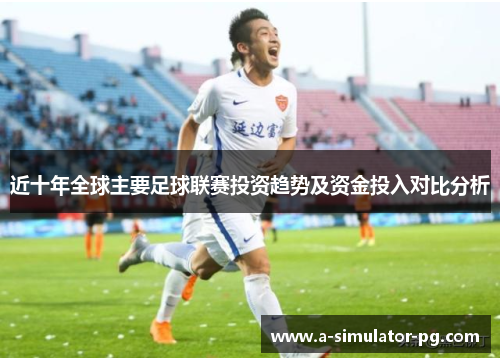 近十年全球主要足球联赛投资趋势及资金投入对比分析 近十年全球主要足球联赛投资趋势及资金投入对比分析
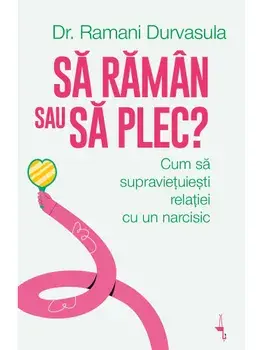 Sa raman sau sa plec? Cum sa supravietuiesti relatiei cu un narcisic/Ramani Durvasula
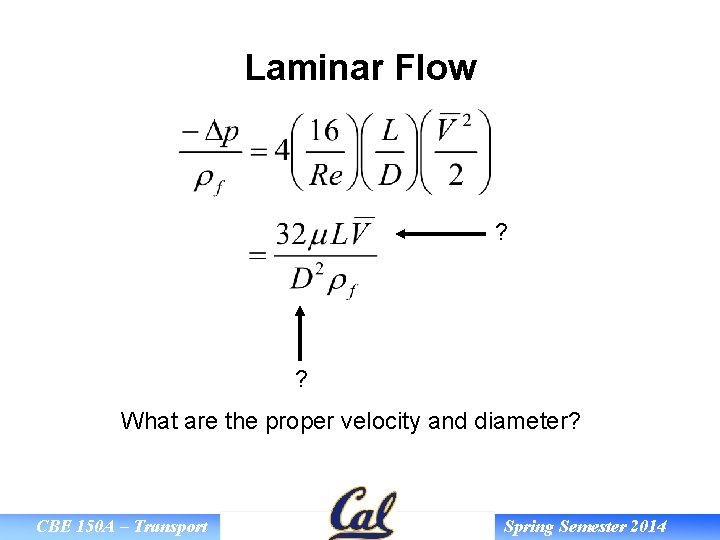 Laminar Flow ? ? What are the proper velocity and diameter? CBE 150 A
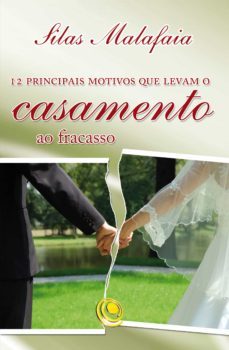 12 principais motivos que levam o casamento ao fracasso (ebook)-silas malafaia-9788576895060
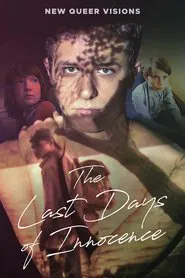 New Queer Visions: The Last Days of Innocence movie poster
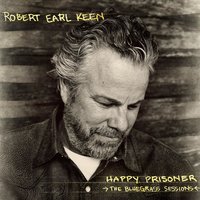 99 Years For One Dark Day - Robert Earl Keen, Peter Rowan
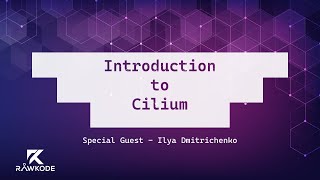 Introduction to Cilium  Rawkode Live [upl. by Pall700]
----------
Exercise brief
Repeat the material verbatim. Do not carry over any picture.

Written response
 近十年全球主要足球联赛投资趋势及资金投入对比分析 近十年全球主要足球联赛投资趋势及资金投入对比分析
 Sa raman sau sa plec? Cum sa supravietuiesti relatiei cu un narcisic/Ramani Durvasula
 Laminar Flow ? ? What are the proper velocity and diameter? CBE 150 A
 12 principais motivos que levam o casamento ao fracasso (ebook)-silas malafaia-9788576895060
 New Queer Visions: The Last Days of Innocence movie poster
 99 Years For One Dark Day - Robert Earl Keen, Peter Rowan
 Introduction to Cilium  Rawkode Live [upl. by Pall700]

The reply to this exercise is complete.